Teilnahme EITN Fall School 2022, Paris
Antragstellende: Myriam de Graaf
Fachbereich, Studienrichtung: FB 7, Promotion Sports/Movement Science
From September 21st until September 30th, I attended the EITN Fall school on computational Neuroscience in Paris in order to broaden my understanding of this topic. Currently, I am doing my PhD, where I aim to use artificial neural networks to better understand human motor control. With a background in human movement science, I have thus far had to learn the computational neuroscientific aspects of my project to a large extent by myself. While this has taught me a lot, I still found that I had a lot of knowledge gaps that I had been unable to fill. The EITN course has helped me fill some of these gaps, and given me the necessary tools to become better versed in the field of computational movement science.
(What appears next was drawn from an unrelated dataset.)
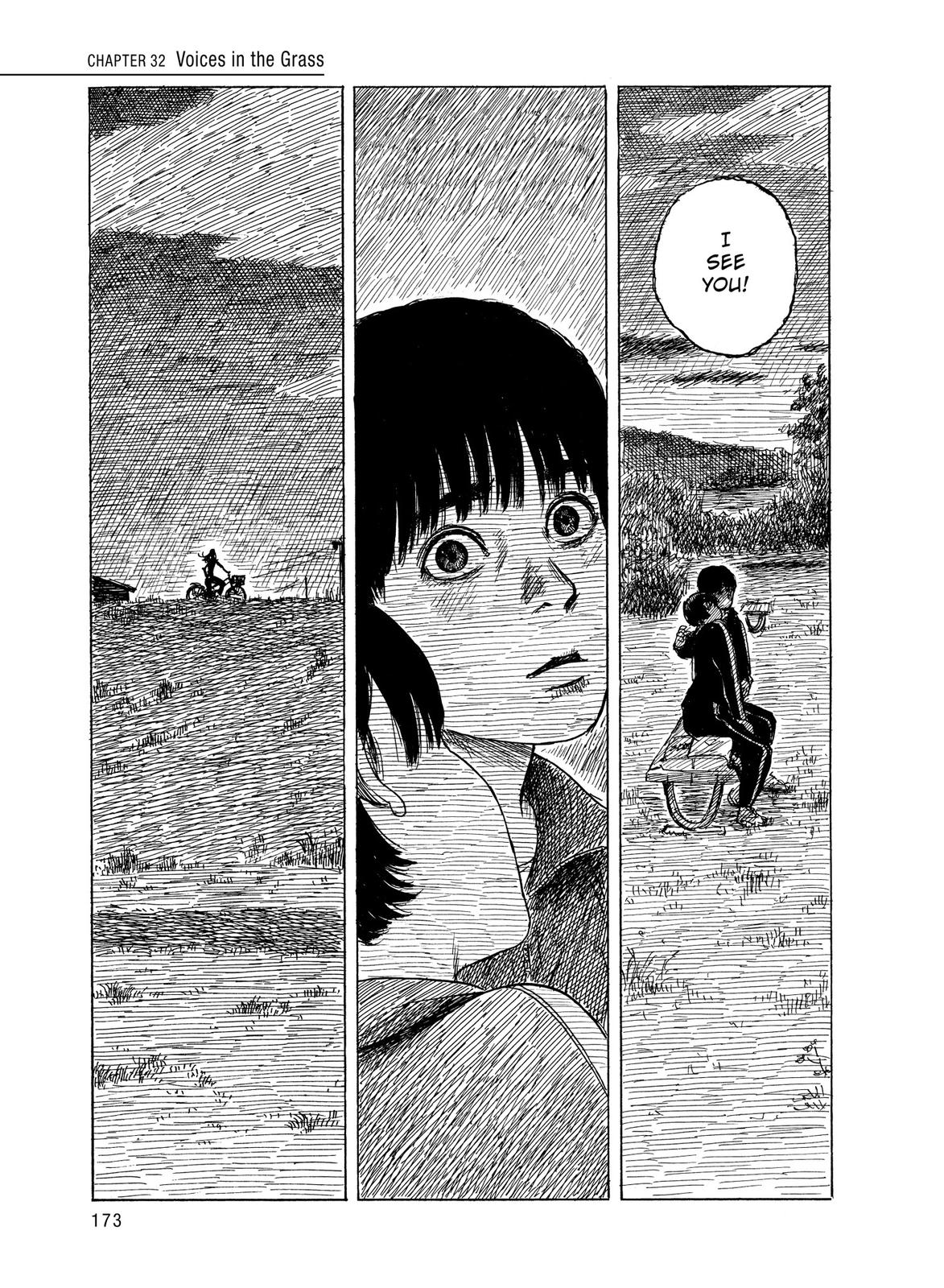 Read Blood on the Tracks EN Manga Online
The course was subdivided into four themes of two days, to reflect the various levels of neural modeling, namely:
1. Single Cell models and Brain Signals
2. Network Models
3. Mean-field and population models
4. Whole-Brain Modeling
Each day consisted of 1-3 lectures followed by a tutorial, e.g. on various modelling softwares. At the end of each day, there was time set aside to work on our group projects, which we presented on our final day.
I was especially happy to learn more about mean field models, as this is something that has come up often in my own research, but that I did not fully understand yet. The lectures and tutorials on this topic have provided me with the required tools and information to better master this subject.
The group projects all focused on one of the four sublevels. I joined the Theme 2 (Network models) project that was focused on learning the Nest software. Nest is a python-based simulation software for spiking neural network models. In our project, I focused on coupling two balanced neural networks and investigating what was needed to restore balance after coupling. As I had very limited experience with Python programming before this course, this helped me not only learn Nest but also gave me some much-needed Python experience.
Aside from the instructions, it was also very nice to come into closer contact with fellow PhDs working in the field of computational/theoretical neuroscience. These contacts will be very useful e.g. in spreading my research, attending conferences and maybe even future collaborations.
All in all, I experienced the EITN fall school as a very educative and intensive course, where I learned a lot about computational neuroscience and made some beneficial new contacts. I would recommend it to anyone wanting to intensify their knowledge of computational neuroscience.